Top of Supplied records
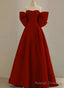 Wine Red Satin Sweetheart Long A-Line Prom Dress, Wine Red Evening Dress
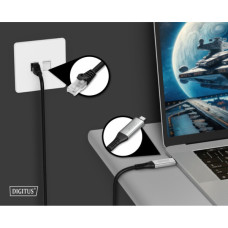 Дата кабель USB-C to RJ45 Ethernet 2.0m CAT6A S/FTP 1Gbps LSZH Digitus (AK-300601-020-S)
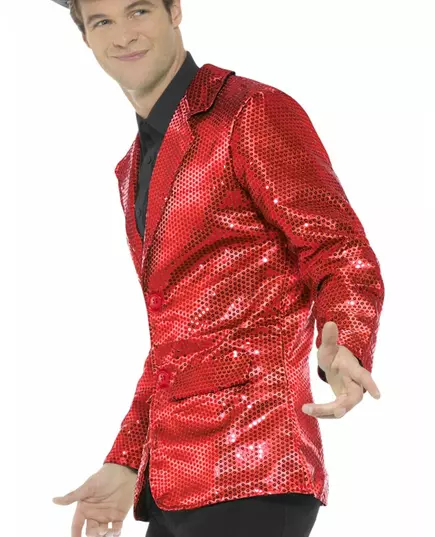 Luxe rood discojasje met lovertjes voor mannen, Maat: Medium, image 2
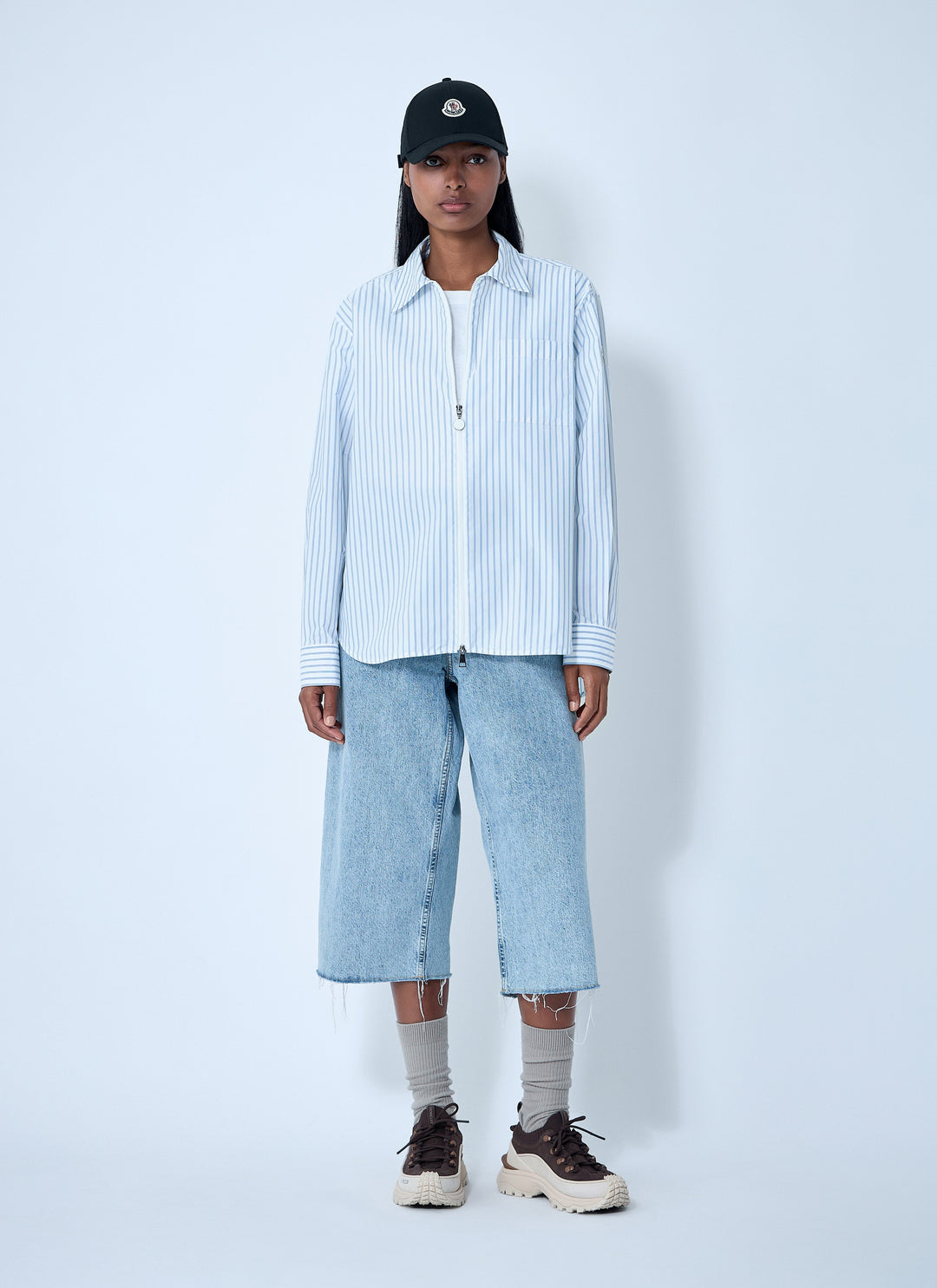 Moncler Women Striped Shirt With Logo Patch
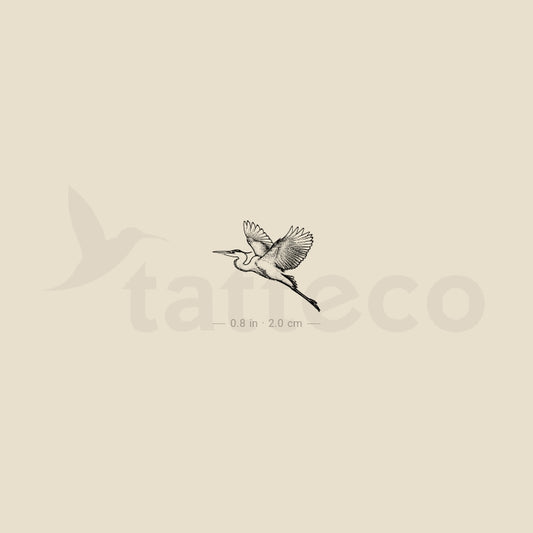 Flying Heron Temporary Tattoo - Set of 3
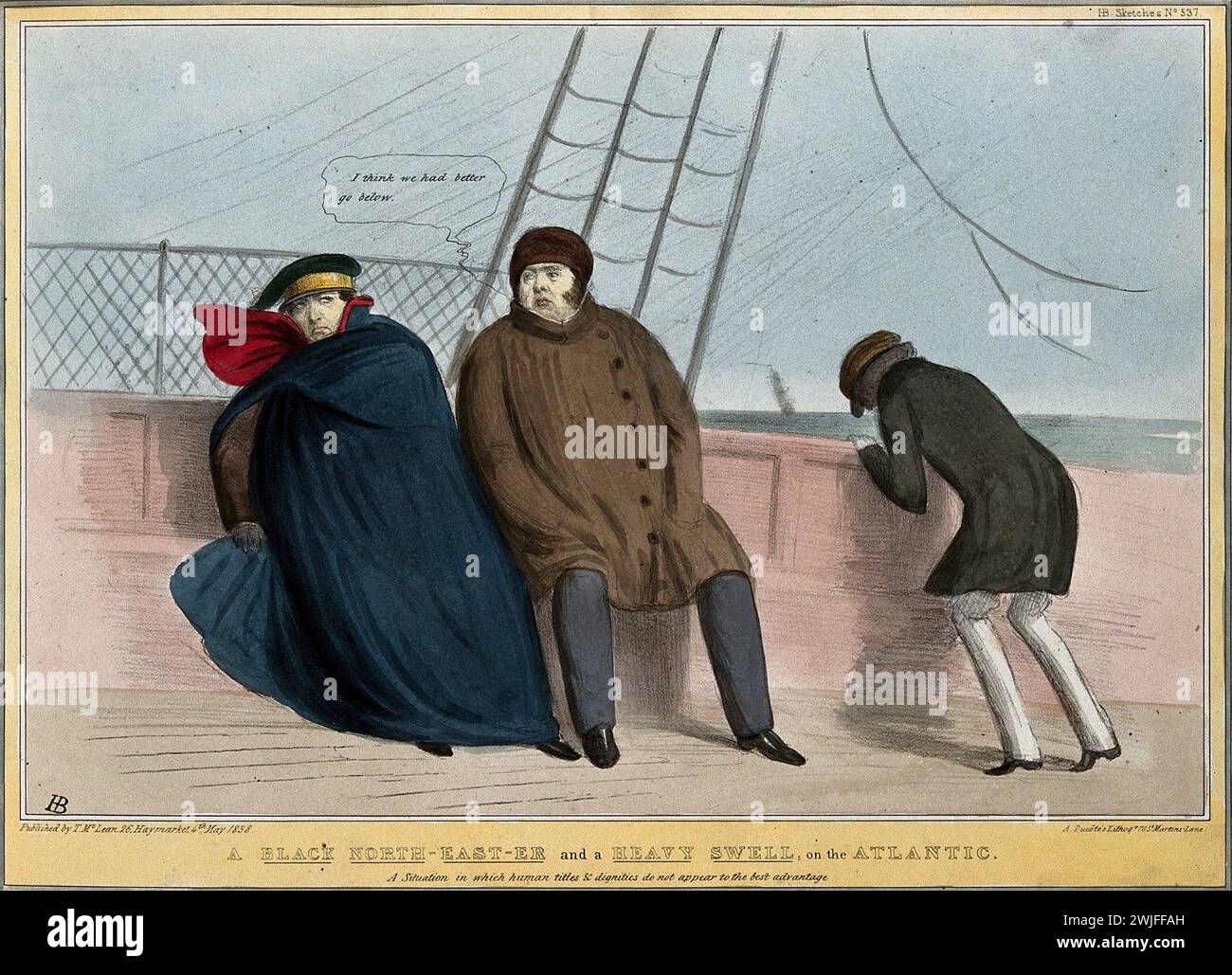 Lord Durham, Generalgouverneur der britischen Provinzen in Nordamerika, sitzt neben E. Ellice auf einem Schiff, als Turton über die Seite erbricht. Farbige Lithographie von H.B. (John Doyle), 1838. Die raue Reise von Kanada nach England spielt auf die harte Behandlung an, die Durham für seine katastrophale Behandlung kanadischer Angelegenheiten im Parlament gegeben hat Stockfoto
Bottom of Supplied records
_What you will do_
Write out again only the lines from the line that contains "Moncler Women Striped Shirt With Logo Patch" through the last line of the records, both ends included, without any of the pictures.

_Answer to the exercise_
 Moncler Women Striped Shirt With Logo Patch
 Flying Heron Temporary Tattoo - Set of 3
 Lord Durham, Generalgouverneur der britischen Provinzen in Nordamerika, sitzt neben E. Ellice auf einem Schiff, als Turton über die Seite erbricht. Farbige Lithographie von H.B. (John Doyle), 1838. Die raue Reise von Kanada nach England spielt auf die harte Behandlung an, die Durham für seine katastrophale Behandlung kanadischer Angelegenheiten im Parlament gegeben hat Stockfoto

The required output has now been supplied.